▶ Prompt
Leaving out every picture, copy the lines of the material below exactly, from the line containing "Bluza cu fermuar Zara" through the line containing "Изложба на керамични".
══ Data shown ══
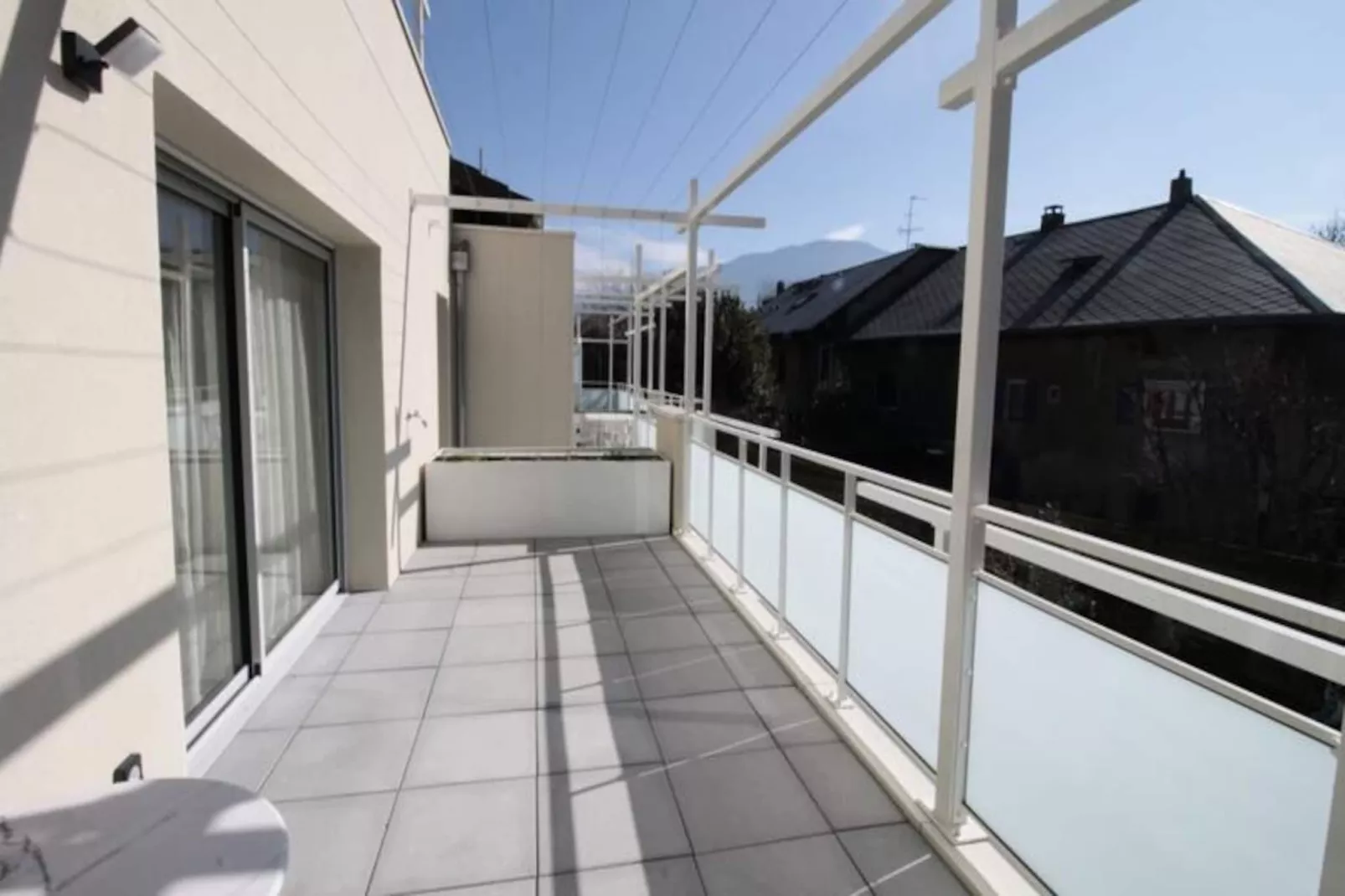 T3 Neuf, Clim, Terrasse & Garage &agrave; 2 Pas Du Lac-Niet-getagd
═══
══ Data shown ══
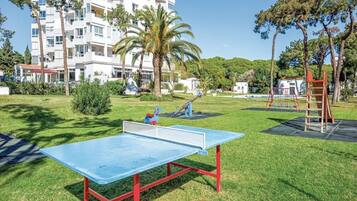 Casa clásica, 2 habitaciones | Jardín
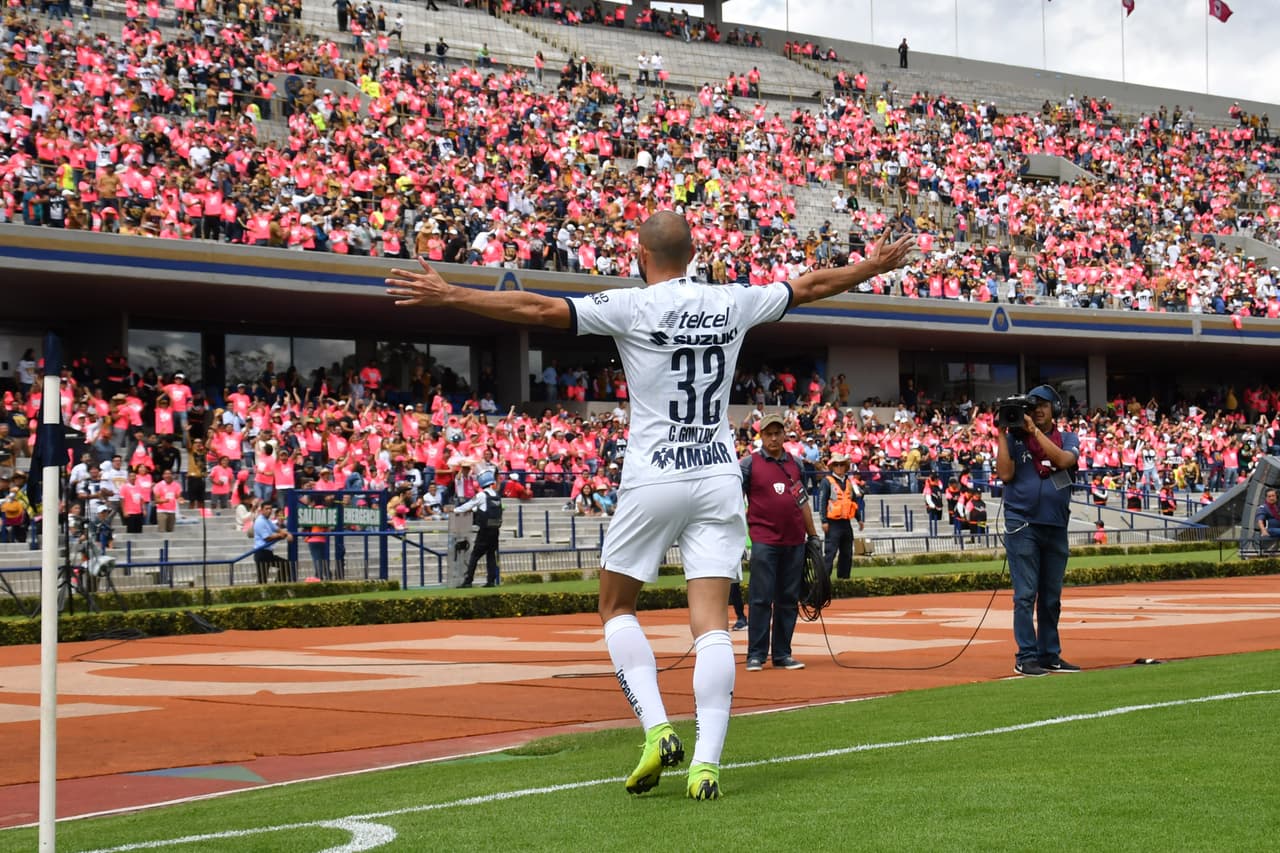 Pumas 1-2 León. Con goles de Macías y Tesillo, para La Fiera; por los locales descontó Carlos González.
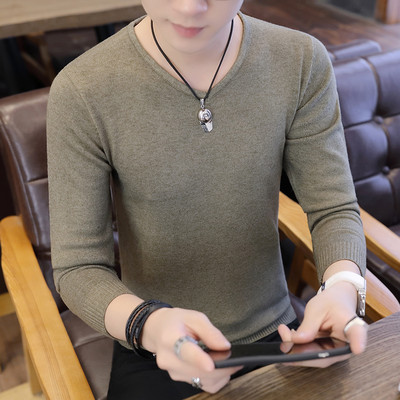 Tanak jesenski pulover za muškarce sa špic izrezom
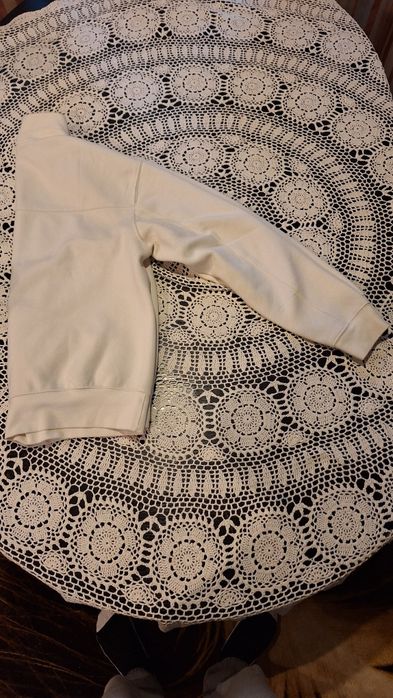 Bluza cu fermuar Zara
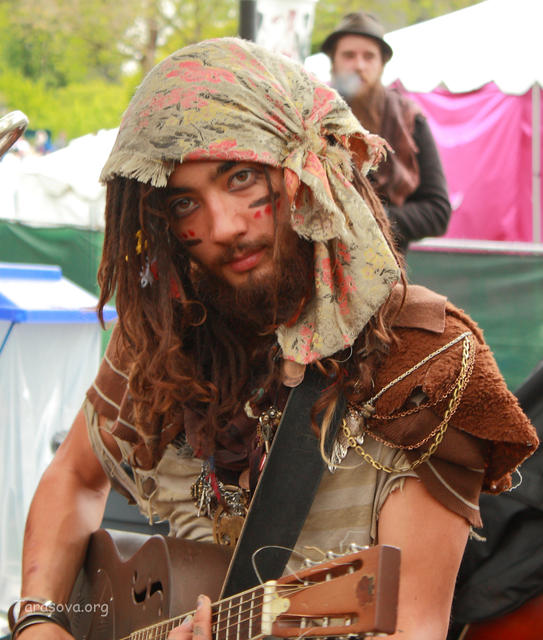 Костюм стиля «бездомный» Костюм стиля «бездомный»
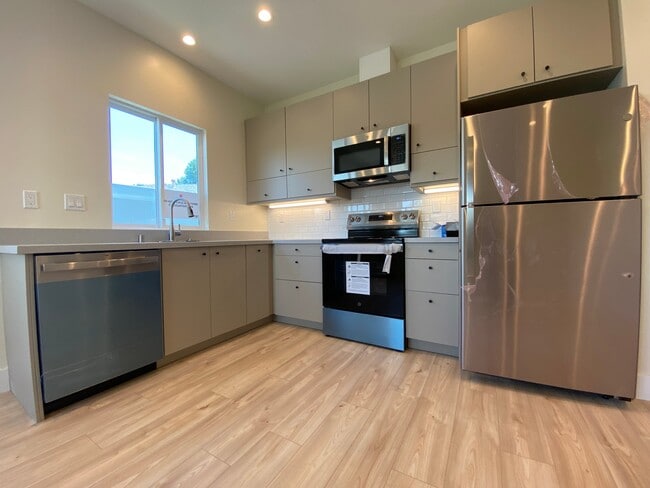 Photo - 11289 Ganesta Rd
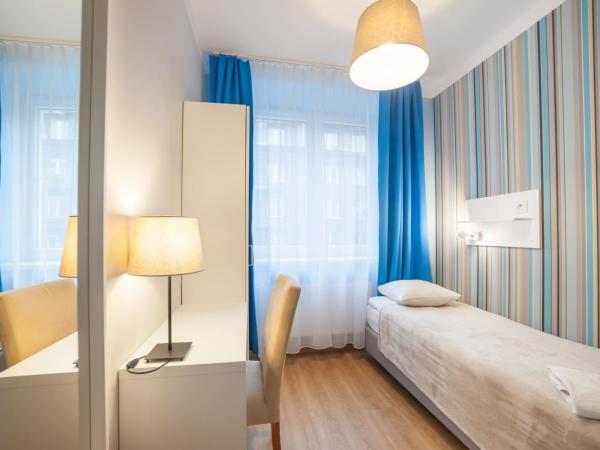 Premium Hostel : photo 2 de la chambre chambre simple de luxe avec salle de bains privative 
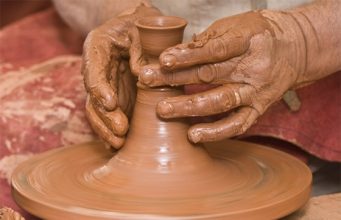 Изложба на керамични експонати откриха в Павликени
═══
══ Data shown ══
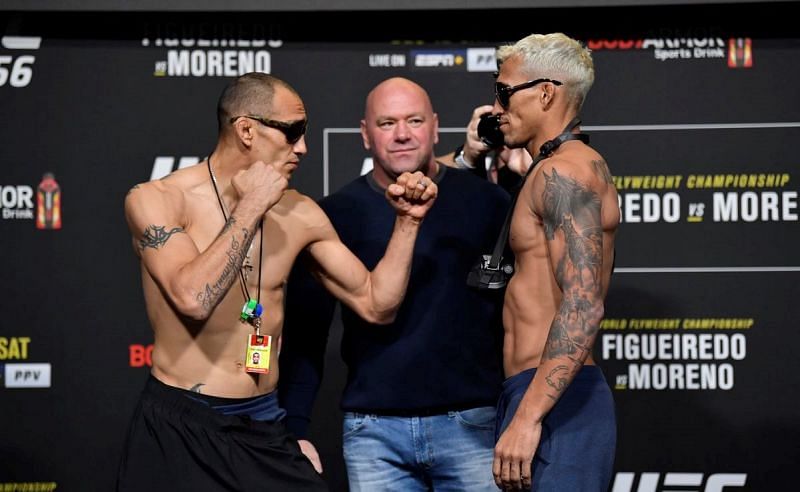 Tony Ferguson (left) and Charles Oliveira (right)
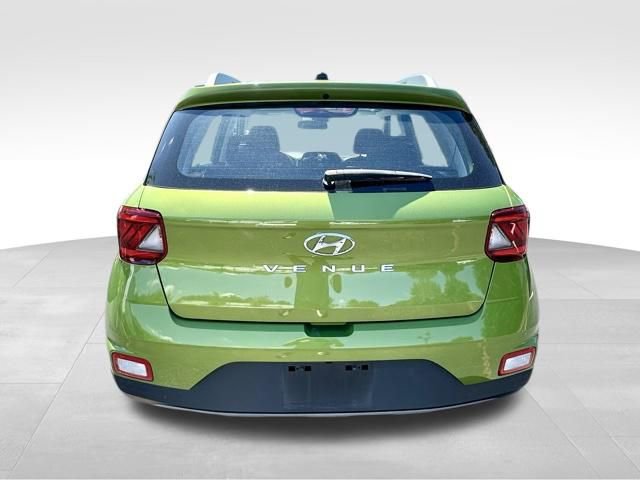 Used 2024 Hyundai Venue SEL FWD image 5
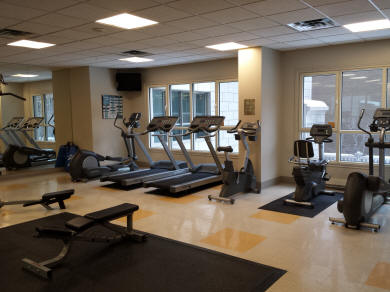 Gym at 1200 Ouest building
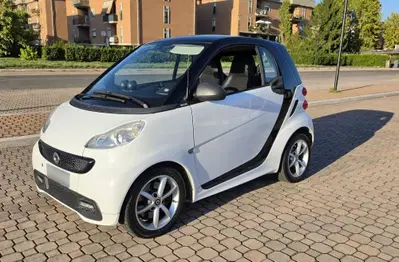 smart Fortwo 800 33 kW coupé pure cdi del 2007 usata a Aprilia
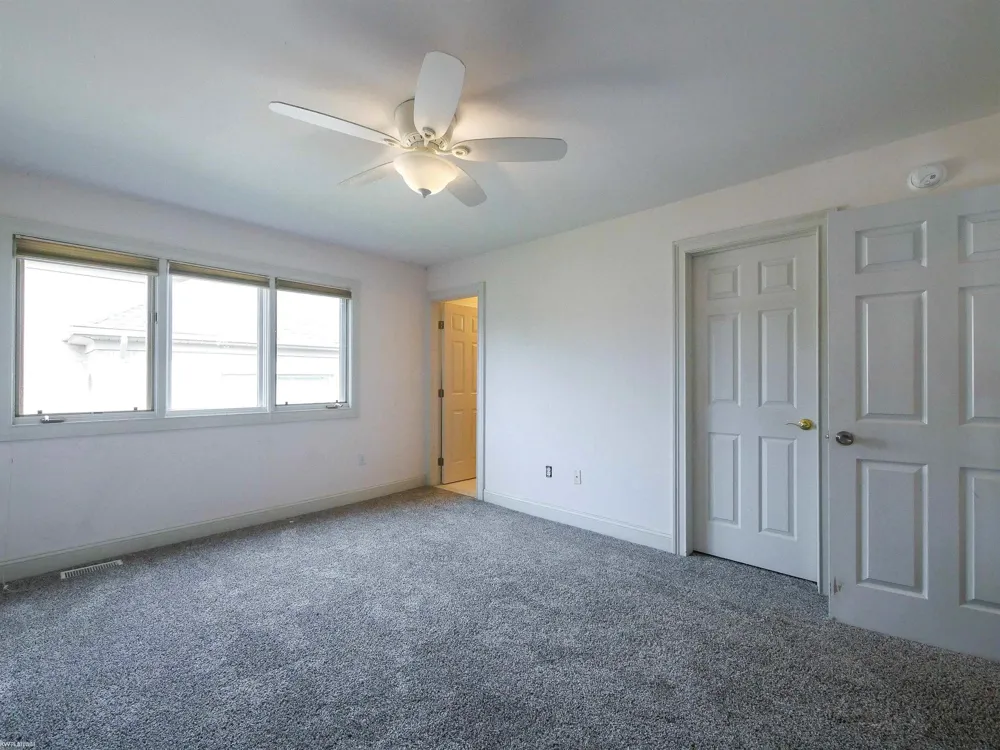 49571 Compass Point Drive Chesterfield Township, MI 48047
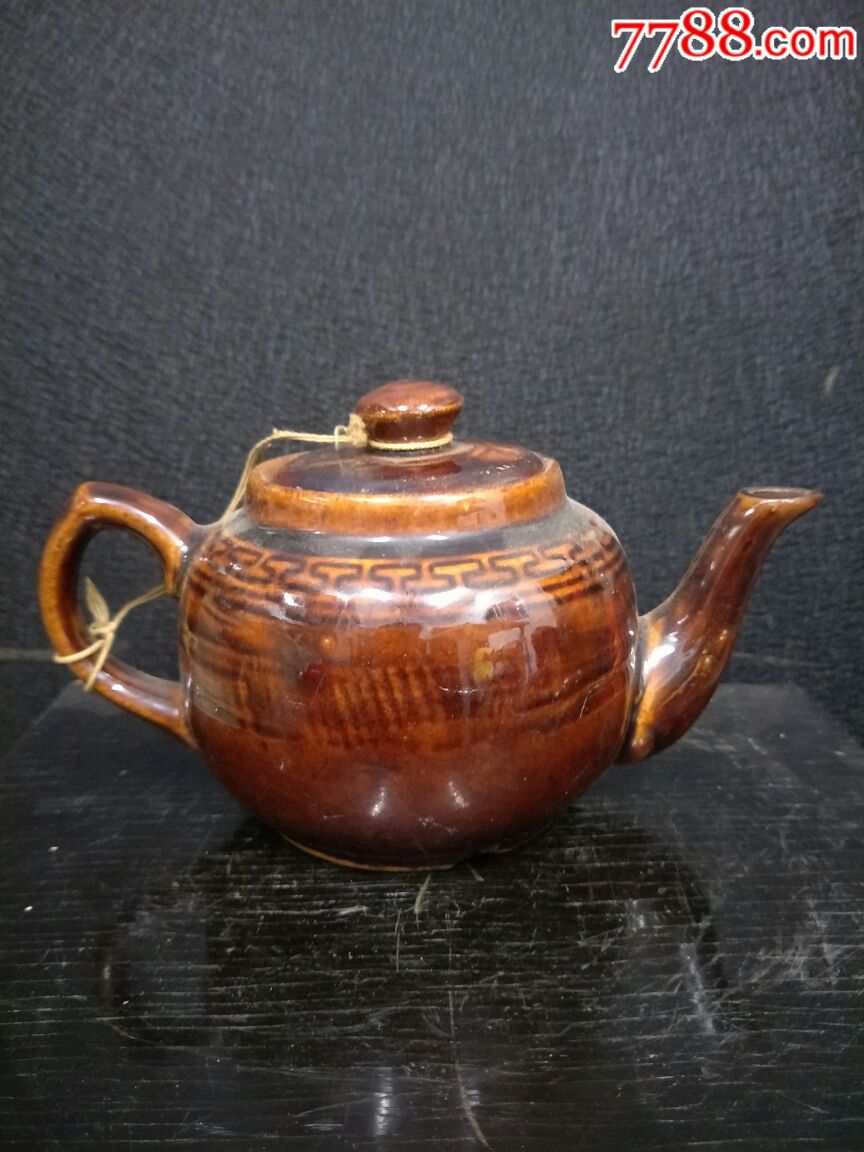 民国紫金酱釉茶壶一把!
═══
▶ Problem solution
 Bluza cu fermuar Zara
 Костюм стиля «бездомный» Костюм стиля «бездомный»
 Photo - 11289 Ganesta Rd
 Premium Hostel : photo 2 de la chambre chambre simple de luxe avec salle de bains privative 
 Изложба на керамични експонати откриха в Павликени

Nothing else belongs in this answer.